MATERIALS AND METHODS

Zebrafish Care

Male zebrafish were maintained at 26-29°C with a 14:10 h light-dark cycle. Water pH ranged from 7.0 to 7.6. Sponge filters provided aeration and filtration. Fish were fed twice daily with flaked food (Tetra, Melle, Germany). Fish were acclimated prior to extracting the tissues, i.e. liver and intestine for seven days. Procedures strictly followed The University of California San Diego, IACUC guidelines, AUP S09418. Fish were treated and sacrificed humanely. Liver and gut tissues were dissected out and instantly frozen in liquid nitrogen and then stored at -70°C.

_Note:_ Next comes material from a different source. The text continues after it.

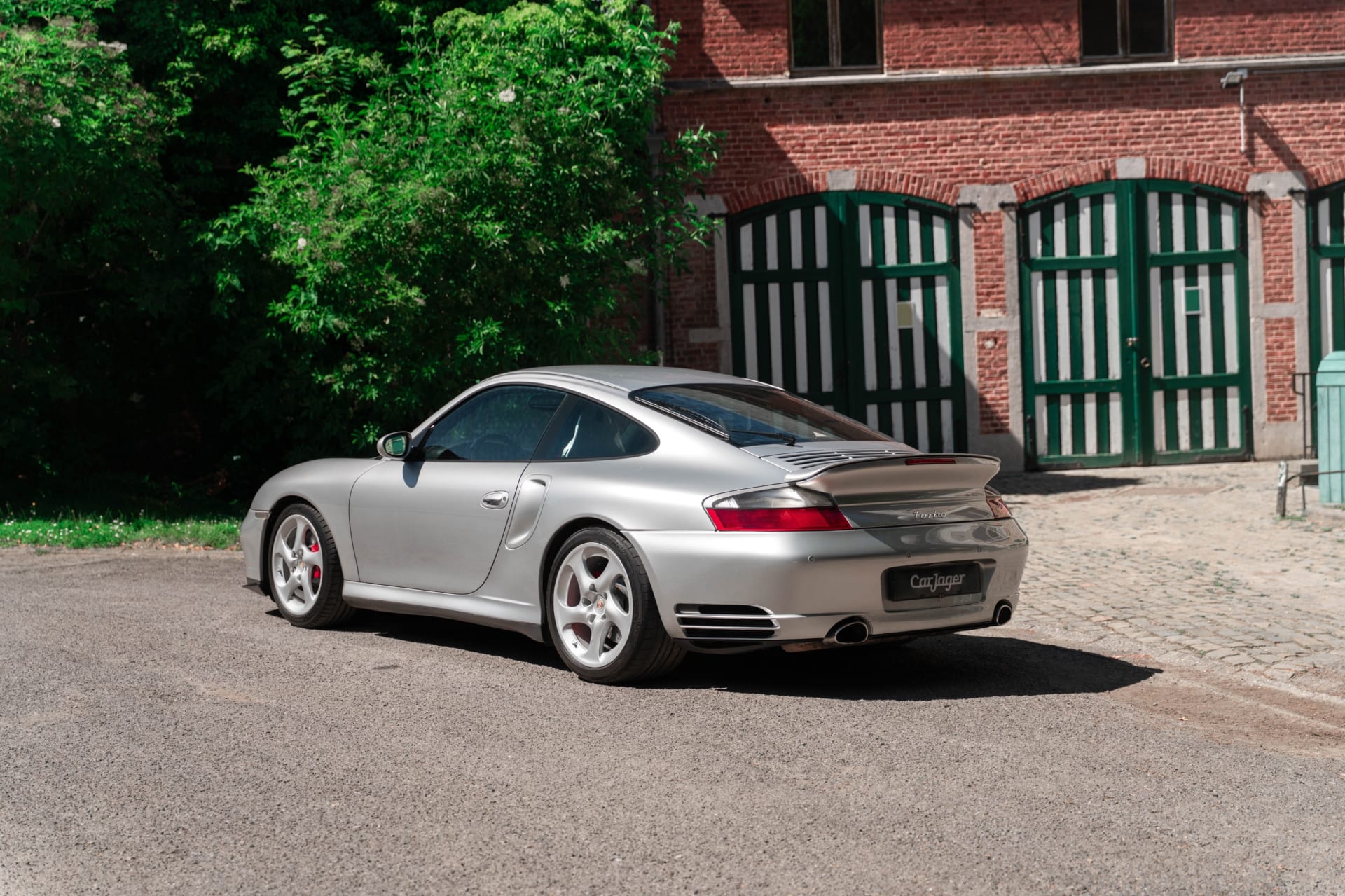 Porsche 911 996.1 Turbo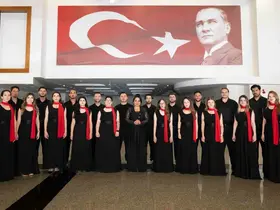 MSKÜ Çoksesli Gençlik Korosu İspanya’da Muğla’yı temsil edecek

RNA Extraction and Sequencing Library Preparation

RNA extraction from zebrafish liver and gut samples was performed using TRIzol reagent (Invitrogen/Thermo Fisher Scientific, Waltham, MA, USA) and further purification of the RNA was carried out with RNeasy Mini (Qiagen, Valencia, CA, USA). All RNA was subjected to on-column digestion of DNA to yield pure RNA (free from DNA contamination). The concentrations were determined by absorbance readings (OD) at 260 nm using an ND-1000 (Nanodrop, Wilmington, DE, USA). RNA was tested for structural integrity with the 6000 Nano LabChip assay from Agilent, (Santa Clara, CA, USA). Only RNA samples with RIN scores >7.0 were used for RNA-seq. For the zebrafish RNA-seq experiments, 10 individual fish tissues were pooled together. The TruSeq RNA Sample Prep Kit (Illumina, San Diego, CA, USA) was utilized to construct mRNA-seq libraries with 100-200 ng of total input RNA. The miRNA-seq libraries were constructed using the TruSeq Small RNA Prep kit and 1 μg input RNA.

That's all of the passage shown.